Between March 10 and March 16, customers brought $16.5 billion in deposits, the brokerage firm announced Friday (March 17).
That period coincides with the collapses of Silicon Valley Bank on March 10 and Signature Bank March 12 and the days of worry in the financial sector that those failures could spread to the larger financial system.
“Charles Schwab remains a safe port in a storm, driven by its conservative balance sheet, strong liquidity position, and diversified base of over 34 million account holders,” the company said in a news release. “We are confident in our approach and in our ability to help clients through all kinds of economic environments.”
The failure of SVB shows the importance of diversification, Drew Edwards, CEO at money mobility payments company Ingo Money, told PYMNTS last week.
“[The SVB collapse] had a lot to do with their heavily concentrated customer base,” Edwards said. “And it was also a small, tight-knit community connected to each other online and communicating in channels all day long that enabled such a quick run for the door.”
An obvious outcome of all this is likely a trend where companies begin to think about dividing their business across multiple banks, regardless of how strong the banks are.
“This can be done but will create inefficiencies unless their partners are set up to split volume across sponsor banks, which we already do in our business,” Edwards said.
He added that if he had a billion dollars, he wouldn’t keep it in just one place, saying, “I can’t stand single points of failure anywhere in our value chain.”
Treasury Prime CEO Chris Dean echoed that sentiment in a separate conversation last week with PYMNTS’ Karen Webster.
“There’s the concentration risk, which we’re all seeing now,” said Dean. “There’s the operational burden. And you have to get those things right.

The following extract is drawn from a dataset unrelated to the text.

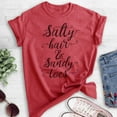 thumbnail image 2 of Salty Hair And Sandy Toes T-Shirt, Unisex Women's Men's Shirt, Beach Shirt, Vacation Shirt, Vacay Shirt, Heather Red, 3X-Large, 2 of 6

It’s clear to me that there’s not a single bank in the U.S. that can do that — but the U.S. banking system can.”
Of banking as a whole, he said, “There are a lot of different regulators, and different banks — and they’re held together in a cohesive whole.” His company’s aim, Dean told Webster, is to make that cohesiveness available in a streamlined manner for FinTechs.
That was the thinking behind Treasury Prime’s recent launch of OneKey Banking, an embedded finance application programming interface (API) that lets FinTechs and enterprises pick the best banking partner for a particular product or service.